Summary
In People v. Hawes (1982) 129 Cal.App.3d 930 [ 181 Cal.Rptr. 456], the defendant — a district attorney — was removed from office on charges of misconduct.
Summary of this case from Powers v. City of RichmondOpinion
Docket No. 11245.
March 19, 1982.
Appeal from Superior Court of Shasta County, No. 67148, Harold Underwood, Judge.
Assigned by the Chairperson of the Judicial Council.
COUNSEL
Barr, Minoletti Newlan, John D. Barr and Craig A. Sinclair for Defendant and Appellant.
George Deukmejian, Attorney General, Robert H. Philibosian, Chief Assistant Attorney General, Arnold O. Overoye, Assistant Attorney General, W. Scott Thorpe, Nancy Sweet and John R. Duree, Jr., Deputy Attorneys General, for Plaintiff and Respondent.
OPINION
Defendant was the elected District Attorney of Shasta County.

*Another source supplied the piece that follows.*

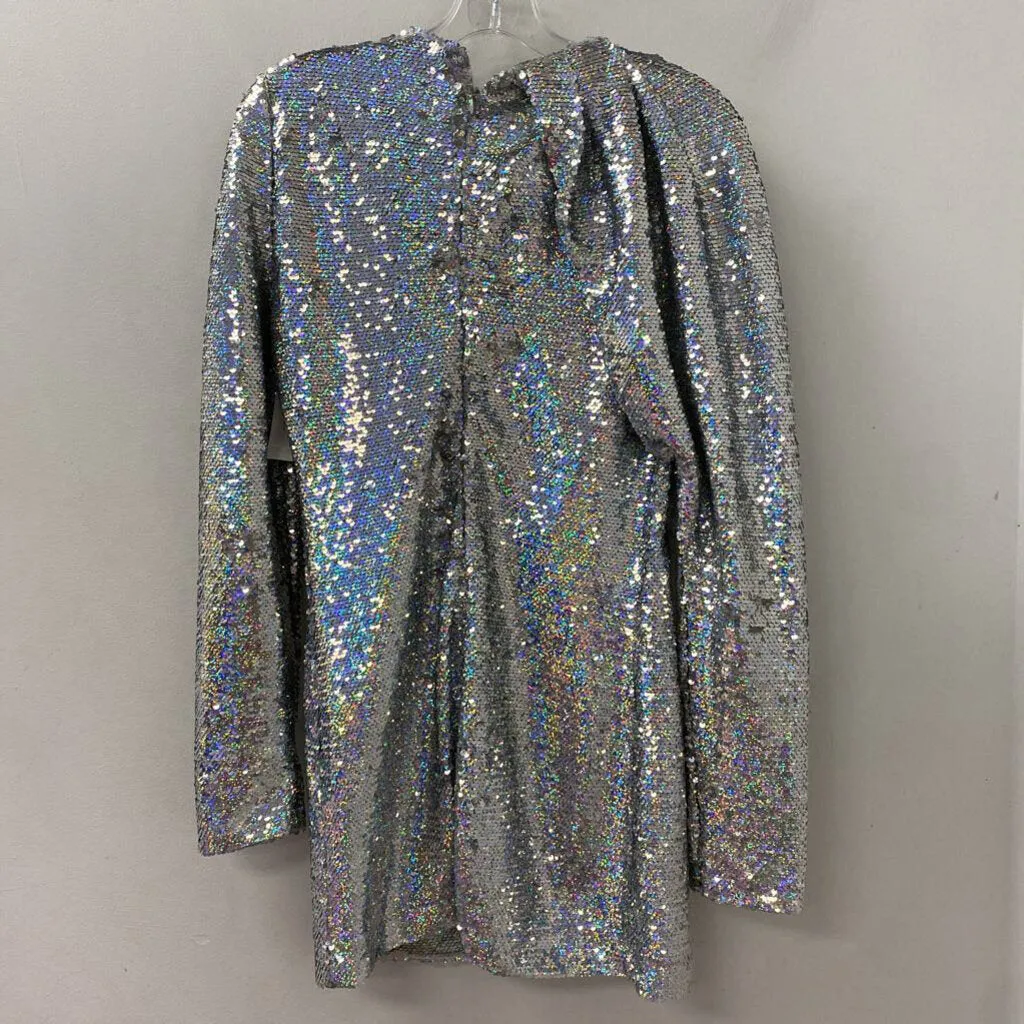 ZARA WOMEN'S DRESS silver multi S sold by The Comeback product image thumbnail 2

In an accusation presented by the grand jury on July 11, 1980, he was charged with seven counts of wilful and corrupt misconduct in office. A jury found defendant guilty of of one count of wilful misconduct, acquitted him of three other counts and was unable to arrive at a verdict on the remaining three counts. Defendant appeals from the judgment removing him from office as district attorney. The People's motion to dismiss the appeal will be denied and we shall reverse the judgment of removal.
I.
(1) The People have moved to dismiss the appeal on the ground appeal from a judgment of removal (Gov. Code, § 3072) is not authorized by statute.

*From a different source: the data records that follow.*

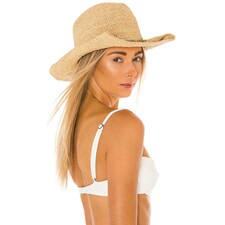 florabella Kendra Lux Hat in Natural &amp; Gold | REVOLVE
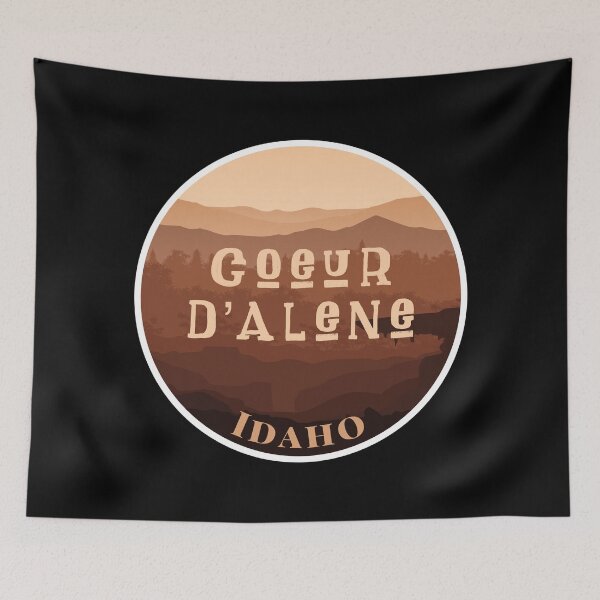 Item preview, Coeur d'Alene, Idaho designed and sold by InvestingRoad.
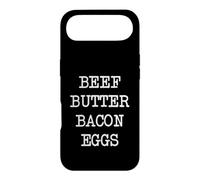 Carnivore beef butter bacon eggs meat eater diet meat keto Case for iPhone Air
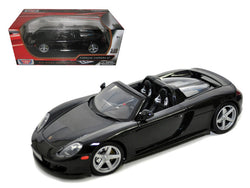 Porsche Carrera GT Black with Black Interior 1/18 Diecast Model Car by Motormax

The statutory provisions governing removal of local officers other than by impeachment, i.e., by proceedings on an accusation, are found in Government Code sections 3060-3074 (all further statutory references are to sections of the Government Code unless otherwise indicated). These provisions originated in the Statutes of 1851 (Stats. 1851, Second Ex. Sess., ch. 29, §§ 70-83, pp. 219-220) and were later incorporated in the Penal Code when it was enacted in 1872 (former Pen. Code, §§ 758-772). Former Penal Code section 770 (derived from § 82 of ch. 29 of Stats. 1851, Second Ex. Sess.) provided for appeal to the Supreme Court of a judgment of removal. The appeal provision formerly found in Penal Code section 770 was not reenacted when, in 1943, removal proceedings were incorporated into the newly enacted Government Code (Stats. 1943, ch. 134, pp. 978-979, 1010). This omission is the basis for the People's argument that the Legislature intended to eliminate postjudgment review of removal proceedings.
Long before 1943 former Penal Code section 770 had ceased to be of any effect. It was declared unconstitutional in 1914 as an unauthorized legislative attempt to enlarge the appellate jurisdiction of the Supreme Court beyond the express limits laid down in the Constitution. ( People v. McKamy (1914) 168 Cal. 531, 535 [ 143 P. 752].) In 1928 article VI, section 4b, was added to the California Constitution conferring upon the then District Courts of Appeal appellate jurisdiction over removal proceedings. Former Penal Code section 770, long moribund, was not revived by the addition of article VI, section 4b (see People v. McKamy, supra, 168 Cal. at p. 535). The constitutional grant of appellate jurisdiction, however, was self-executing, not dependent for its vitality on the existence of implementing legislation. ( Byers v. Smith (1935) 4 Cal.2d 209, 213-214 [ 47 P.2d 705]; see e.g., People v. Becker (1952) 108 Cal.App.2d 764 [ 239 P.2d 898].)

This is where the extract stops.